Lo scoppio della guerra tra Russia e Ucraina ha determinato, tra le altre cose, la spiacevole apparizione dello spettro dell’insicurezza alimentare. E fin qui, come si suol dire, nulla di nuovo: a onore del vero avreste dovuto vivere sotto una roccia per gli ultimi nove mesi (e se questo è il caso – beati voi) per non essere incappati nei numerosi resoconti sull’approcciarsi di una crisi alimentare su scala globale. Proprio così: di nuovo siamo certi di non aggiungere nulla di nuovo al piatto nel ribadire che l’Ucraina è di fatto uno dei principali produttori di grano e altri cereali al mondo, e che la paralisi delle sue esportazioni (solo recentemente ripristinate) hanno scatenato una fortissima incertezza sui mercati globali, con i Paesi più poveri che, naturalmente, hanno pagato il conto più salato. Quello che però potrebbe sorprendervi è che l’adottare una dieta a base vegetale potrebbe aiutare a diminuire questa incertezza. Come? Vediamolo insieme.

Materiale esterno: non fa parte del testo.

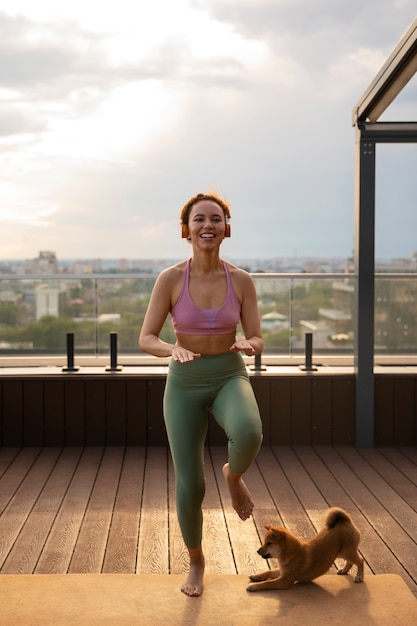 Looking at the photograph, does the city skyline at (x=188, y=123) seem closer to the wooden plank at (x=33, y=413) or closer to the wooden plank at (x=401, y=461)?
the wooden plank at (x=33, y=413)

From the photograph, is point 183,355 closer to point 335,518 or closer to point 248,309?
point 248,309

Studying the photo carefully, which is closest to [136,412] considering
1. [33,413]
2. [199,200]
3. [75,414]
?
[75,414]

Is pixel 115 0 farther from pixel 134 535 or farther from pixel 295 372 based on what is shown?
pixel 134 535

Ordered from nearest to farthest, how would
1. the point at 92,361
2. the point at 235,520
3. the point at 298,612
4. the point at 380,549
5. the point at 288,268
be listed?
the point at 298,612, the point at 380,549, the point at 235,520, the point at 92,361, the point at 288,268

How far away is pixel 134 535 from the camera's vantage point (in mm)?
3980

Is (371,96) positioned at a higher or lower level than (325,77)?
lower

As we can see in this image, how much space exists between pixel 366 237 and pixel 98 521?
2.85 metres

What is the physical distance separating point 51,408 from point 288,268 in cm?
241

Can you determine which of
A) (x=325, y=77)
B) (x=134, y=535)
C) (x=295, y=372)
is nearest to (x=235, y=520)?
(x=134, y=535)

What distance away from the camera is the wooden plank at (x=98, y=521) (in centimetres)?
361

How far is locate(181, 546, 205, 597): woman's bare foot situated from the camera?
321 cm

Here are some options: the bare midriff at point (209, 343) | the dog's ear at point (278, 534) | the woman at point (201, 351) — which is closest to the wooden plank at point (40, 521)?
the woman at point (201, 351)

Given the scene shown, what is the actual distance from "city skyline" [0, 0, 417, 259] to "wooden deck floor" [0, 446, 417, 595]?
1.44m

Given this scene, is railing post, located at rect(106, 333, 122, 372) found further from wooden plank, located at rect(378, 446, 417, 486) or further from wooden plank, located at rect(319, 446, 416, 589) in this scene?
wooden plank, located at rect(378, 446, 417, 486) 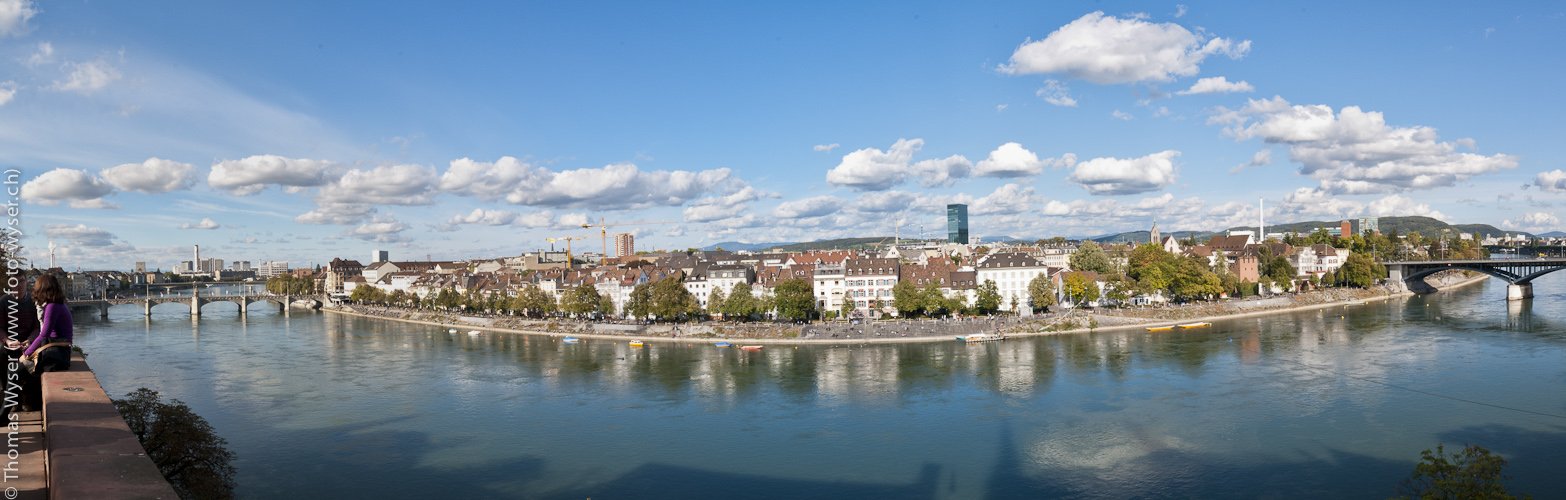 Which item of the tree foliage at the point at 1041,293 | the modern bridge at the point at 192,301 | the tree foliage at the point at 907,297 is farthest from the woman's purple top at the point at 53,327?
the modern bridge at the point at 192,301

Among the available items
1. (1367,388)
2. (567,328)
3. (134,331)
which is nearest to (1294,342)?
(1367,388)

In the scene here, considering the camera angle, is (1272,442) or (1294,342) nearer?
(1272,442)

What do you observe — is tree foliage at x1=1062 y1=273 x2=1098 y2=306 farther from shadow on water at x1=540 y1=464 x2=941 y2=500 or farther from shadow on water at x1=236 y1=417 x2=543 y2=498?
shadow on water at x1=236 y1=417 x2=543 y2=498

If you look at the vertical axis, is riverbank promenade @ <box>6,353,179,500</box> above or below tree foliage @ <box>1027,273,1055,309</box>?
above

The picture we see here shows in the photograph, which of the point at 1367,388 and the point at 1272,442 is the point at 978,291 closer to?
the point at 1367,388

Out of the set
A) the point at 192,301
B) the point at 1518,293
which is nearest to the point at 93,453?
the point at 1518,293

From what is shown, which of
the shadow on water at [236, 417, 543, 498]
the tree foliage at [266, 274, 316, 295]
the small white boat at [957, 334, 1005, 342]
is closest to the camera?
the shadow on water at [236, 417, 543, 498]

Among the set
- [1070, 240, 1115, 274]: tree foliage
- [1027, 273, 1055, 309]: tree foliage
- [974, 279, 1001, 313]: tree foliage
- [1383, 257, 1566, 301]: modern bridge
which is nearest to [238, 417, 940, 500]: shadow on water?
[974, 279, 1001, 313]: tree foliage

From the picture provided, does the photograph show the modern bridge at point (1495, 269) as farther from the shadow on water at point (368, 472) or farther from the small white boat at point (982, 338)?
the shadow on water at point (368, 472) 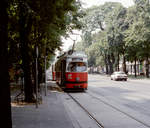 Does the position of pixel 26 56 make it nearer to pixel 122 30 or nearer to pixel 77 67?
pixel 77 67

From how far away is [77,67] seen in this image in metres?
22.9

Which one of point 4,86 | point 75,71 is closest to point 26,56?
point 75,71

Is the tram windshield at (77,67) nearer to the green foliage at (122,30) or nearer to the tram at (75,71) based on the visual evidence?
the tram at (75,71)

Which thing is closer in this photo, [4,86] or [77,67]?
[4,86]

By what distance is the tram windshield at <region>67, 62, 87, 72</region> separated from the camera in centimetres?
2263

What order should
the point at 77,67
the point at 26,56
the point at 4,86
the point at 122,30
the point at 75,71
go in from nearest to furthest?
1. the point at 4,86
2. the point at 26,56
3. the point at 75,71
4. the point at 77,67
5. the point at 122,30

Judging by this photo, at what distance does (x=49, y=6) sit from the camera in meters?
11.0

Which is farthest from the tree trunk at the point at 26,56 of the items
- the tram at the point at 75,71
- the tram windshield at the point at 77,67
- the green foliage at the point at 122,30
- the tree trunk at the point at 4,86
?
the green foliage at the point at 122,30

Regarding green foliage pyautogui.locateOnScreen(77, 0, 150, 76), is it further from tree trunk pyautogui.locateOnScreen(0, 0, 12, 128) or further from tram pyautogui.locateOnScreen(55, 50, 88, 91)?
tree trunk pyautogui.locateOnScreen(0, 0, 12, 128)

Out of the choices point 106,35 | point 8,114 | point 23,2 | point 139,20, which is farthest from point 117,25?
point 8,114

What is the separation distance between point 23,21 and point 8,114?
31.8 feet

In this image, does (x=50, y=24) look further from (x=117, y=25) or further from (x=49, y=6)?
(x=117, y=25)

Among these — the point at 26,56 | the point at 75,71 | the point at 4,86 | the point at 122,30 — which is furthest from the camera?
the point at 122,30

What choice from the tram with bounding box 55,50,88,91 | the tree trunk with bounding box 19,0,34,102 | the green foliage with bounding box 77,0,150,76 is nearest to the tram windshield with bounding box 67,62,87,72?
the tram with bounding box 55,50,88,91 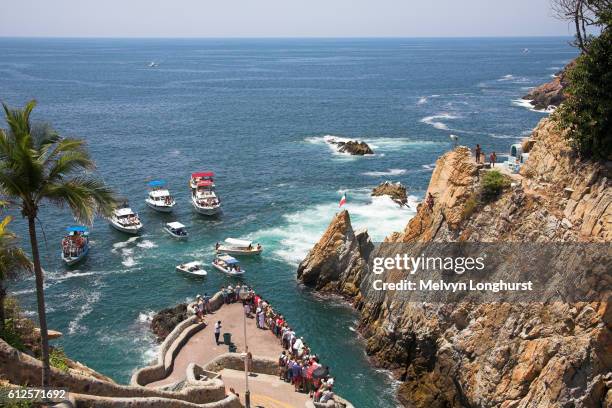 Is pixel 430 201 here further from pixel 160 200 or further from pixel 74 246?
pixel 160 200

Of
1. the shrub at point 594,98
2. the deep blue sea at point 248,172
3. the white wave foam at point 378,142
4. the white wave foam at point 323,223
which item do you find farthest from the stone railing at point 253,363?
the white wave foam at point 378,142

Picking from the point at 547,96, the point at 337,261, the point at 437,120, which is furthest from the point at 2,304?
the point at 547,96

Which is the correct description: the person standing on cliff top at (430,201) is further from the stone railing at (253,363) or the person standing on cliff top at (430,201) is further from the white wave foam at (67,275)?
the white wave foam at (67,275)

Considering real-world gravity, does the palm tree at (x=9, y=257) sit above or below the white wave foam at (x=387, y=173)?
above

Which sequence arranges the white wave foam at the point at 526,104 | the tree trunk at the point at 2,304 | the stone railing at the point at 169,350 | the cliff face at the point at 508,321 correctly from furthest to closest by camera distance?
the white wave foam at the point at 526,104 < the stone railing at the point at 169,350 < the cliff face at the point at 508,321 < the tree trunk at the point at 2,304

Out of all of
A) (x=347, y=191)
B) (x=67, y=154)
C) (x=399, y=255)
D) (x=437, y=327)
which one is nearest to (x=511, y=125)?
(x=347, y=191)

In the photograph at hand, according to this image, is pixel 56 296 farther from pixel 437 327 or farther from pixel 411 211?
pixel 411 211

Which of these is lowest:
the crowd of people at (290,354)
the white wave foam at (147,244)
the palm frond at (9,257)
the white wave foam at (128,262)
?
the white wave foam at (128,262)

Dieta a base vegetale: la risposta al cambiamento climatico e anche alla guerra
Uno studio recentemente pubblicato sulla rivista scientifica Nature ha preso in esame le molteplici minacce affrontate dal sistema alimentare globale negli ultimi anni – minacce che di fatto spaziano dalle interruzioni della catena di approvvigionamento determinate dallo stop pandemico (lo sappiamo, parlare di Covid è fuori moda, ma che ci vogliamo fare), da eventi climatici estremi e dal sopracitato conflitto armato tra la Russia e l’Ucraina.
Per mesi vi abbiamo raccontato di prezzi alimentari in continua ascesa o dei raccolti mutilati o compromessi dalla morsa della siccità e del grande caldo; e ancora delle conseguenze sul mercato alimentare dell’imperversare della guerra. Ma che c’entra, dunque, l’adozione di una dieta con un maggiore apporto di alimenti a base vegetale? Beh, l’impatto ambientale è ovvio: abbiamo sottolineato in più occasioni come il mangiare meno carne sia la migliore arma, nel nostro modesto arsenale, contro il riscaldamento globale. Ma per quanto riguarda la guerra?

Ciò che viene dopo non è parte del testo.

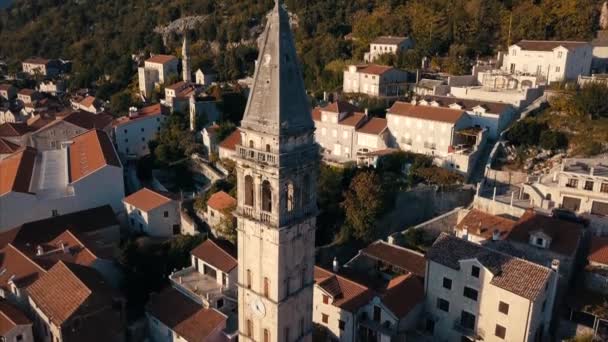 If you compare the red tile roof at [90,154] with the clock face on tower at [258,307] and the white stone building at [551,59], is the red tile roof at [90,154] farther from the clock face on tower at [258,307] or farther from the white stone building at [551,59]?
the white stone building at [551,59]

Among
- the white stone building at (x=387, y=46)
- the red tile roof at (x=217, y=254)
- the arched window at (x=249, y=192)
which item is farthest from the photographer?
the white stone building at (x=387, y=46)

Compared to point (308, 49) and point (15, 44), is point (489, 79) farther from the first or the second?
point (15, 44)

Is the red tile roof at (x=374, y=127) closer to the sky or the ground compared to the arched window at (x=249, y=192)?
closer to the ground

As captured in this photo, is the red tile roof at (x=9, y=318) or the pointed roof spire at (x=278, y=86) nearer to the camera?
the pointed roof spire at (x=278, y=86)

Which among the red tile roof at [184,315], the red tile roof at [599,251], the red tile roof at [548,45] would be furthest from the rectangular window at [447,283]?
the red tile roof at [548,45]

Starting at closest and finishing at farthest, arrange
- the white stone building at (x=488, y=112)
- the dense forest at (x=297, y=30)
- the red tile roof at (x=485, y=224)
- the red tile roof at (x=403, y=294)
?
1. the red tile roof at (x=403, y=294)
2. the red tile roof at (x=485, y=224)
3. the white stone building at (x=488, y=112)
4. the dense forest at (x=297, y=30)

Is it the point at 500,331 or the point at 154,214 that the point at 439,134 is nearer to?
the point at 500,331

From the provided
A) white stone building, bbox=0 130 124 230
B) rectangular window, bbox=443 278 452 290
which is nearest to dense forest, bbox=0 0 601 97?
white stone building, bbox=0 130 124 230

Secondo gli autori dello studio in questione l’adozione di una dieta di questo tipo nel contesto dell’Unione Europea (più Regno Unito) potrebbe migliorare la capacità del sistema di riprendersi da situazioni di forte difficoltà come, per l’appunto, l’insicurezza alimentare determinata dal conflitto, colmando al tempo stesso il divario nella produzione agricola complessiva di Ucraina e Russia sia per il consumo interno che per le esportazioni europee e inglesi.
Nello specifico, gli studiosi hanno preso in esame la quantità e il potenziale utilizzo della terra risparmiata, i cambiamenti nell’utilizzo di fertilizzanti e le conseguenze nelle emissioni di carbonio; valutando il livello di raccolti “risparmiati” dal sopracitato cambiamento di dieta e colmando le eventuali lacune prodotte determinate dal conflitto russo-ucraino. Se queste lacune dovessero tuttavia rivelarsi troppo grandi, gli studiosi hanno assunto che potrebbero essere colmate con la produzione dai terreni “risparmiati”.
Complessivamente il passaggio a una dieta a base vegetale andrebbe a salvare un’ampia percentuale di raccolti, riducendo il consumo eccessivo di zucchero additivo e prodotti animali – un risparmio che già da solo sarebbe sufficiente a compensare quasi tutte le esportazioni alimentari provenienti dal blocco Ucraina+Russia (UA+RU). Come già accennato, questa stima non tiene ancora conto della produzione “in più” che potrebbe essere ottenuta attivando il terreno extra ottenuto da un passaggio a una dieta vegetale.
È questo soprattutto il caso del grano: per compensare del tutto la produzione UA+RU, infatti, il 65,2% del grano dovrebbe essere prodotto su terra risparmiata. Tuttavia, il grano risparmiato dal cambiamento dietetico in questione sarebbe sufficiente a coprire le esportazioni perse; e parte parte di questo grano risparmiato, una volta reindirizzato verso i mercati internazionali, andrebbe a compensare il deficit sopracitato.
In definitiva, una svolta verde sembra una delle armi più accreditate per affrontare un futuro che, di fatto, presenta connotati innegabilmente minacciosi. L’ideale, perché no, sarebbe affiancarla a una spinta alla ricerca della cosiddetta carne coltivata – ma sappiamo che dalle nostre parti tira una brutta aria, in questo senso.